Pro-Poor Tourism Strategies: Making Tourism Work For The Poor:A review of experience

Caroline Ashley, Dilys Roe and Harold Goodwin

This report reviews practical experience of ‘pro-poor tourism strategies’ in order to identify useful lessons and good practice. It synthesises findings from 6 case studies of pro-poor tourism interventions, in South Africa, Namibia, Uganda, St Lucia, Ecuador and Nepal.

What is pro-poor tourism?
Pro-poor tourism (PPT) interventions aim to increase the net benefits for the poor from tourism, and ensure that tourism growth contributes to poverty reduction. PPT is not a specific product or sector of tourism, but an approach. PPT strategies aim to unlock opportunities for the poor – whether for economic gain, other livelihood benefits, or participation in decision-making.

Pro-poor tourism overlaps with, but is different from, the ‘sustainable tourism’ agenda. PPT focuses more on countries of the South, not on mainstream destinations in the North. Poverty is the core focus, rather than one element of (mainly environmental) sustainability.

Why focus tourism on poverty?

Poverty reduction is not usually at the heart of the tourism agenda. Yet tourism is significant in many poor countries and is already affecting the livelihoods of millions of poor people, positively and negatively. Poverty reduction requires pro-poor growth. Concerted effort is needed to maximise the contribution of tourism to this.

An overview of PPT strategies: what, who, how?

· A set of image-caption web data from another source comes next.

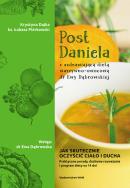 Post Daniela. Autor: Dajka Krystyna, Piórkowski Łukasz. ZdrowePodejscie.pl Okładka książki Post Daniela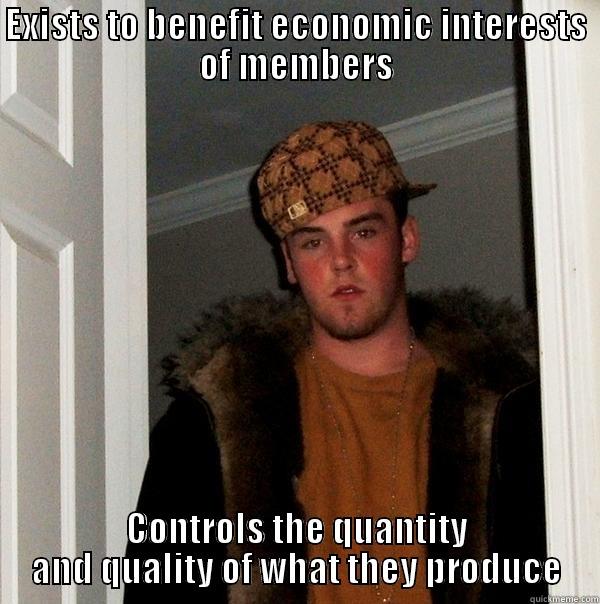 EXISTS TO BENEFIT ECONOMIC INTERESTS OF MEMBERS CONTROLS THE QUANTITY AND QUALITY OF WHAT THEY PRODUCE Scumbag Steve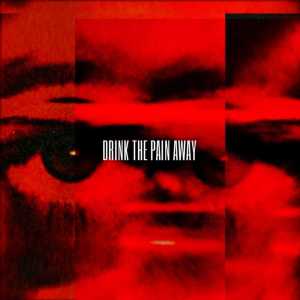 Album DRINK THE PAIN AWAY from 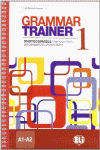 GRAMMAR TRAINER 1.(A1-A2) (PHOTOCOPIABLE)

A wide range of actions are needed to increase benefits to the poor from tourism. These go well beyond simply promoting community tourism, although work at the grass-roots level to develop enterprises and local capacity is one key component. Efforts are also needed on marketing, employment opportunities, linkages with the established private sector, policy and regulation, and participation in decision-making. This involves working across levels and stakeholders. The focus and scale of PPT interventions vary enormously: from one private enterprise seeking to expand economic opportunities for poor neighbours, to a national programme enhancing participation by the poor
at all levels. Strategies can be broadly grouped into three types: expanding economic benefits for the poor; addressing non-economic impacts; and developing pro-poor policies/processes/partnerships.

Impacts on the poor
Emerging – though limited – indications of the impacts of the current PPT initiatives suggest that for the poor, where it happens, PPT interventions are invaluable. A few are lifted out of income-poverty while many more earn critical gap-filling income. More still are affected by non-financial livelihood benefits. These are very significant though highly varied; they include improved access to information and infrastructure, pride and cultural reinforcement. While some initiatives are yet to deliver on the ground, there are a few that affect hundreds directly and thousands indirectly.